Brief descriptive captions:

______________________________

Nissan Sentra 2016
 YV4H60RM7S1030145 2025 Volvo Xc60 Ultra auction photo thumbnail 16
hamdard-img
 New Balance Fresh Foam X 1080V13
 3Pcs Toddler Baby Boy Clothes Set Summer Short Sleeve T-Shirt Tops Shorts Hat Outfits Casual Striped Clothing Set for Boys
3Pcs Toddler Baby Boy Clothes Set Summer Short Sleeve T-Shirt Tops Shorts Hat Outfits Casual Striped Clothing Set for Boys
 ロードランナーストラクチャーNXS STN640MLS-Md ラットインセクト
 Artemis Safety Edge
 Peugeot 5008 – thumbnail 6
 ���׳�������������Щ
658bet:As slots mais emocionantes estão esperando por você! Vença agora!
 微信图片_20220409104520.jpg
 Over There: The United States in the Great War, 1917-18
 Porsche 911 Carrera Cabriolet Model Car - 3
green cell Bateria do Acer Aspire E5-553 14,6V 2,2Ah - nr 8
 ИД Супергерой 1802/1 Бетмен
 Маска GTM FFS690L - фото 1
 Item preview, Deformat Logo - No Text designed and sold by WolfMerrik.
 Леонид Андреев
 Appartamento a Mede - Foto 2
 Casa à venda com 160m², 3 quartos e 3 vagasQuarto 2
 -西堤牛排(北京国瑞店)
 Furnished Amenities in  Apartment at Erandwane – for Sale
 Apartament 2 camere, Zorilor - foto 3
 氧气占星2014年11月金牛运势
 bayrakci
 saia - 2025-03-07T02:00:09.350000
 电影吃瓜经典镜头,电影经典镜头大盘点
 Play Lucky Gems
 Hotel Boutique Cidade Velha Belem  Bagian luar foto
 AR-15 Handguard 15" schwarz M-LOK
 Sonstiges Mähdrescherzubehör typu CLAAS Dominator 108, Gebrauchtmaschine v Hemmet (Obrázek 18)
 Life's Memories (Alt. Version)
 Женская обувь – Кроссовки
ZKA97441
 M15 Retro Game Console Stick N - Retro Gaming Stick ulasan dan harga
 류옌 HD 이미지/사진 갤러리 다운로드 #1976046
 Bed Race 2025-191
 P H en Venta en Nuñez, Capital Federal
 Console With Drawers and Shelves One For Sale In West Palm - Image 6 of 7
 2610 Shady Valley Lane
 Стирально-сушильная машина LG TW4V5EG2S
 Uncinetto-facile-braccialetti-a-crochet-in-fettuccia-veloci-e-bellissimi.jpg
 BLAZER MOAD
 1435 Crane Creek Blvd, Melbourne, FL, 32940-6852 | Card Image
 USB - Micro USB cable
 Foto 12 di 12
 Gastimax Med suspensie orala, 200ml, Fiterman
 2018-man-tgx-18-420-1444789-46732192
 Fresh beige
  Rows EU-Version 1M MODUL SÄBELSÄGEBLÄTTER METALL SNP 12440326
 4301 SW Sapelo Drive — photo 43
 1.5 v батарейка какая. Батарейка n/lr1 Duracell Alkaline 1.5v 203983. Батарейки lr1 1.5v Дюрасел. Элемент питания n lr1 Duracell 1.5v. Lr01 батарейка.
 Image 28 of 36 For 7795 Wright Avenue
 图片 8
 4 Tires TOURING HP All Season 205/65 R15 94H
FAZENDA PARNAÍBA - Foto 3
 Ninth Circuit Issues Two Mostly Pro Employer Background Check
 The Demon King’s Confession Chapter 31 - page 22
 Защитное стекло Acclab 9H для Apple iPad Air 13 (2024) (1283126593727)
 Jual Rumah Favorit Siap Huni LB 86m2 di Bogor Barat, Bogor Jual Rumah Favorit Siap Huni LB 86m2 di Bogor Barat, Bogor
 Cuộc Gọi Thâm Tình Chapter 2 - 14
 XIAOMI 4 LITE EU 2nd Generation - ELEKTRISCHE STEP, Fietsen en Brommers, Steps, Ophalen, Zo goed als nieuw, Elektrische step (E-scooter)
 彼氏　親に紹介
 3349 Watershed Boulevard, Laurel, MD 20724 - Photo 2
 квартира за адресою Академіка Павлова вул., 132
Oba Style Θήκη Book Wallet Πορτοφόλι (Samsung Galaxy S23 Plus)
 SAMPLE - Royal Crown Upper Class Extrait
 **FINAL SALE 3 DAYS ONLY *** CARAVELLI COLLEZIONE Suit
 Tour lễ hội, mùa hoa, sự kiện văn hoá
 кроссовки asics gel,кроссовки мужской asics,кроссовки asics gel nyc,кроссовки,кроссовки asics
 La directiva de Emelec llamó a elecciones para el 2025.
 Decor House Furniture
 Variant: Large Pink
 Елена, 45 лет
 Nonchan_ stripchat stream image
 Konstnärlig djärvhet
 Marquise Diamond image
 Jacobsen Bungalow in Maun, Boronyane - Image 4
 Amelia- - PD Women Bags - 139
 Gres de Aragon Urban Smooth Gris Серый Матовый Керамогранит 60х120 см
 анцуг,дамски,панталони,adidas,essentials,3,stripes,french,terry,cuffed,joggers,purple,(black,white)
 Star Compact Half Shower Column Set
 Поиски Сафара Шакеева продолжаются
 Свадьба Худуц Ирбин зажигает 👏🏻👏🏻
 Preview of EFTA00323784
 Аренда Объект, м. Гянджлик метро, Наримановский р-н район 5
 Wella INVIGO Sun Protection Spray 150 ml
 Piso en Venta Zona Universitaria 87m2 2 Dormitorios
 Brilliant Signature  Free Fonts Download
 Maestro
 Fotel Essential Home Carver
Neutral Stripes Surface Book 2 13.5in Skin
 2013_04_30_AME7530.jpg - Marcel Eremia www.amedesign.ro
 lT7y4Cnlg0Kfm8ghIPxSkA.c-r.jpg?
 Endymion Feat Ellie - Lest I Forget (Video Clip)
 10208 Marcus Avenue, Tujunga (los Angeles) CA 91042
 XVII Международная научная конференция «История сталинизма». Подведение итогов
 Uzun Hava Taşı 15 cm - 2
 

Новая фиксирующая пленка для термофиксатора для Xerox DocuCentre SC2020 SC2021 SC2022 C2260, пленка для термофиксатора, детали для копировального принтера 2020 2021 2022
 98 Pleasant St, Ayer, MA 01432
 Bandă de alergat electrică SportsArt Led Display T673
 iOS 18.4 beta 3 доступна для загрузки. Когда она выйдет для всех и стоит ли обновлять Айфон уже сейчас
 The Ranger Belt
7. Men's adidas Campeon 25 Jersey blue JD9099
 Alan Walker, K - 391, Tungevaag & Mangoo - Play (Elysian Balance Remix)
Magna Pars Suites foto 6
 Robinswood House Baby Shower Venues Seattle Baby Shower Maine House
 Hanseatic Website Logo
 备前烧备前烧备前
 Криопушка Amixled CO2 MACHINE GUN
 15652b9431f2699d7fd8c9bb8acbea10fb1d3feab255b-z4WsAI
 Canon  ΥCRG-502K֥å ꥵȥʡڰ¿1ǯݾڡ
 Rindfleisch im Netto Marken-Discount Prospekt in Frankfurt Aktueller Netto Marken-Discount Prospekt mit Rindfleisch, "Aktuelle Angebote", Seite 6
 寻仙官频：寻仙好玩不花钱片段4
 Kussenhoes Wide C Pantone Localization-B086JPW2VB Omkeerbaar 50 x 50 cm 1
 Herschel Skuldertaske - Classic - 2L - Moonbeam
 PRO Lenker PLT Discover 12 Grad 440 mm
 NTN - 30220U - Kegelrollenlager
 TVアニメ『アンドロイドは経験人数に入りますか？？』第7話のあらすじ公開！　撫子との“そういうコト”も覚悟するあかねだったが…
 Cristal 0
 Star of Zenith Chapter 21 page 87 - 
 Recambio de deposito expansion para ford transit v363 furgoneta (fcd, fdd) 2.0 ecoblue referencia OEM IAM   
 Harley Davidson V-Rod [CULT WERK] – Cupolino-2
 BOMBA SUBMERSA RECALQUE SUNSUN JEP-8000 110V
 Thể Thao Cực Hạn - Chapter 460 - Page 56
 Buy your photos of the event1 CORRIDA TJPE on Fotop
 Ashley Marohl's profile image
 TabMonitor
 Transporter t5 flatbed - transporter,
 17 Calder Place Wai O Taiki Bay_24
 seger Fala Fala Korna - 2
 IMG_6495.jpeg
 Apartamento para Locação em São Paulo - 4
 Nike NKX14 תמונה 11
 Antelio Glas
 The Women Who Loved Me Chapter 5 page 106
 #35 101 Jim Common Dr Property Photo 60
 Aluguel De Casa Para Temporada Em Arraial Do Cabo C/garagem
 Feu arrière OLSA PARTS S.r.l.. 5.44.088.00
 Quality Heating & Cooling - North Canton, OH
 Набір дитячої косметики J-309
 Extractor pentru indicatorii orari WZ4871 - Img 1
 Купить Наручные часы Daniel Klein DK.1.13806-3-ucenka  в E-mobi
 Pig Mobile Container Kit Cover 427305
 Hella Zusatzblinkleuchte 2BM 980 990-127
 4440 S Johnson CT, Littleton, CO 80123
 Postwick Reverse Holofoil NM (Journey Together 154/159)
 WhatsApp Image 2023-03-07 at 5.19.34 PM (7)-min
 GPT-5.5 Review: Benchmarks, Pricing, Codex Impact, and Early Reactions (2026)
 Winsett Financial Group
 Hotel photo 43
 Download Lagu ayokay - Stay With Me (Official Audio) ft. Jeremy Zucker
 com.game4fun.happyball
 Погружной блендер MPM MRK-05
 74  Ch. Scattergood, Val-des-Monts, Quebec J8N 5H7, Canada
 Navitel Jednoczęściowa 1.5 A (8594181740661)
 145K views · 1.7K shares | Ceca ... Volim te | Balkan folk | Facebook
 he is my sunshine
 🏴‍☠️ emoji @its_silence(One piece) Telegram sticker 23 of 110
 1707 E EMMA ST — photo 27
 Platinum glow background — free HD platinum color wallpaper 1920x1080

______________________________

Only the lines from the first line of the records through the line with "658bet:As slots mais" should be reproduced, exactly and with nothing added.

Answer below ::
Nissan Sentra 2016
 YV4H60RM7S1030145 2025 Volvo Xc60 Ultra auction photo thumbnail 16
hamdard-img
 New Balance Fresh Foam X 1080V13
 3Pcs Toddler Baby Boy Clothes Set Summer Short Sleeve T-Shirt Tops Shorts Hat Outfits Casual Striped Clothing Set for Boys
3Pcs Toddler Baby Boy Clothes Set Summer Short Sleeve T-Shirt Tops Shorts Hat Outfits Casual Striped Clothing Set for Boys
 ロードランナーストラクチャーNXS STN640MLS-Md ラットインセクト
 Artemis Safety Edge
 Peugeot 5008 – thumbnail 6
 ���׳�������������Щ
658bet:As slots mais emocionantes estão esperando por você! Vença agora!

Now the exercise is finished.